Time slowed from the shock at this turn of events.  And suddenly Jenny turned her back on him again, grabbed her furs, and stormed outside.  She somehow wasn’t afraid of his brutality this time.  This time she was confused at her anger over this cruel man not loving her like she loved him.  She didn’t understand how she could love such a man, but she could see that her violence toward him was a new thing – spawning not from self-defense or latent fury at his past treatment of her.  She realized that striking him had come from a place inside her heart, a strange and harmful place that wanted him to possess her fully without forcing her to be taken.  She wanted him to wish he’d won her for all time, and not have to share her with another man. And it was this realization that frightened her and made her begin to loathe him less and herself more.  Her heart sank when he didn’t demand that her husband bet her all-in against the pot.  She lived in a time and place where no one questioned betting the use of her body every other week and she didn’t think to resent that fact.  Instead, she resented that this man, with whom she had been with many times before willingly and sometimes unwillingly, didn’t want her fully.

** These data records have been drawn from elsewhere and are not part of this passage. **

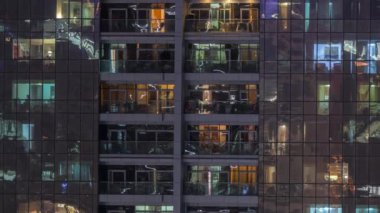 Dış apartman zaman atlamalı gece görünümü. Pencerelerde yanıp sönen ışıklar ile yüksek katlı gökdelen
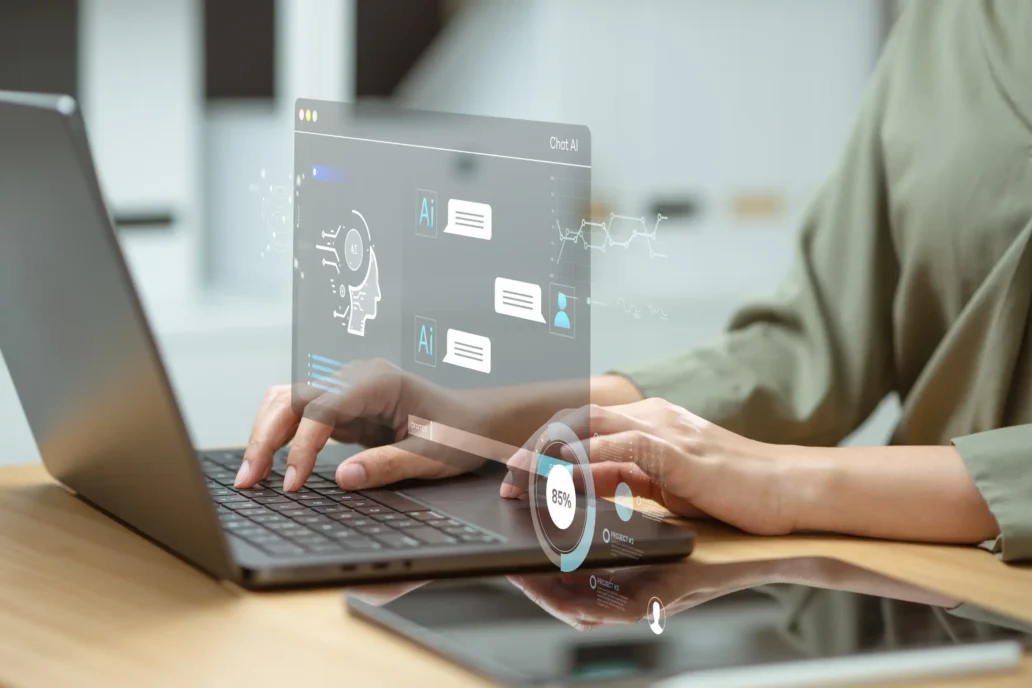 Project manager using AI project management dashboard on laptop with holographic interface for medical device development.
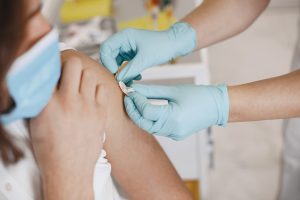 Medicīnas darbinieks ar cimdiem veic vakcināciju pacientam plecā medicīnas iestādē.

In the seconds it took for her to leave, Joe realized that he could have forced her to stay.  He could have taken her as he’d done several times before, with her arms and legs flailing and her face turning puffy from his blows before she finally was subdued to his power over her. As he turned to follow her out, her words sank into his skull, and he understood her.  It was the first time he had actually heard her, and he felt like he had lost something.  If he had ever truly reigned in some small way in this relentless hellhole of a town on the edge of a biting wilderness, the tables had turned.  She now ruled him.

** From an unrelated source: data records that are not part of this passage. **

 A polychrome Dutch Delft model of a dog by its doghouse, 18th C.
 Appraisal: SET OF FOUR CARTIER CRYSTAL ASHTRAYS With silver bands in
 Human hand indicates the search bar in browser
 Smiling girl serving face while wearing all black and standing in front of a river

He didn’t understand and wasn’t the type to analyze it further.  But Joe had not actually meant to overpower her those times.  He’d wanted someone to love him like he’d never been loved before.  He’d been raised by two farmers who cared only for how strong he grew and whether he’d done his chores and the crop was coming along.  Their treatment of him had been civil when the weather was good, but it wasn’t only the crops that suffered from the occasional drought. With her words and the force of her hand to drive the point home, his position toward her had changed.

He threw some wood into the stove and put some water on for coffee.  The emptiness inside him was all too familiar.  It wasn’t the all-too-common hunger pains they all suffered in that region.  It was something else.  The new immigration law and townsfolk’s predisposition made it clear that he could never keep her past the every other week wager he’d won.  Still, he found himself longing for her to come back, to touch the redness on his face, and kiss it.